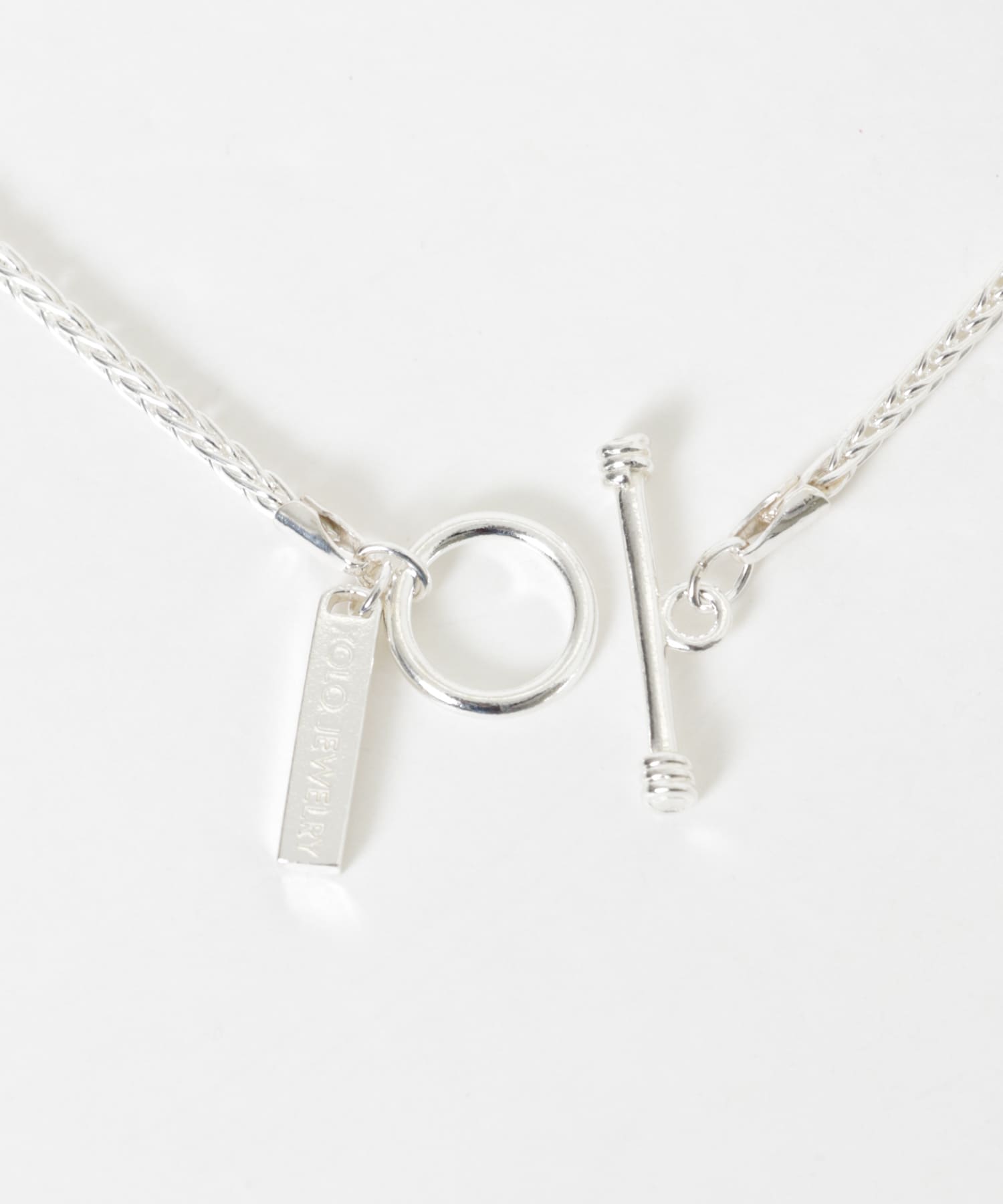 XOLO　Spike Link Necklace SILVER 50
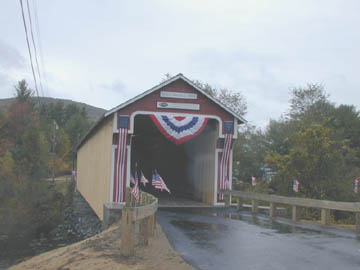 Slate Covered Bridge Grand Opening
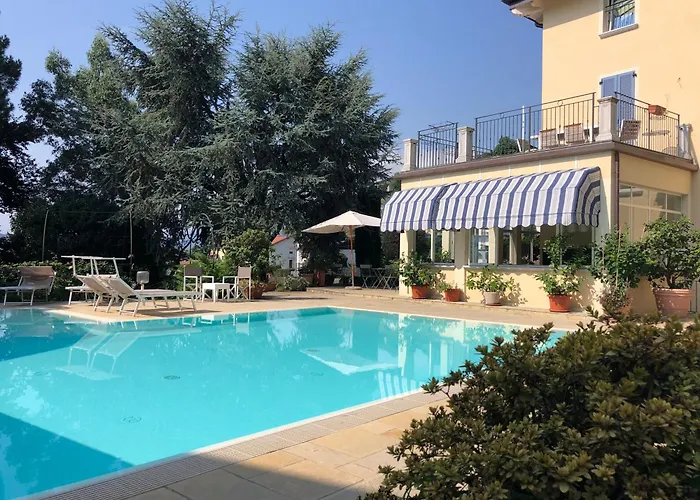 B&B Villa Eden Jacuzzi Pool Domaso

* * *

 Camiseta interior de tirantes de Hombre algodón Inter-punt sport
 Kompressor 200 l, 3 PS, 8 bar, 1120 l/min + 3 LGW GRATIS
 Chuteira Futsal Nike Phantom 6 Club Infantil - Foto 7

Problem to work on |
Copy the entries above exactly, but only from the line holding "Camiseta interior de" through the line holding "Chuteira Futsal Nike", both included.

Solution for this problem |
 Camiseta interior de tirantes de Hombre algodón Inter-punt sport
 Kompressor 200 l, 3 PS, 8 bar, 1120 l/min + 3 LGW GRATIS
 Chuteira Futsal Nike Phantom 6 Club Infantil - Foto 7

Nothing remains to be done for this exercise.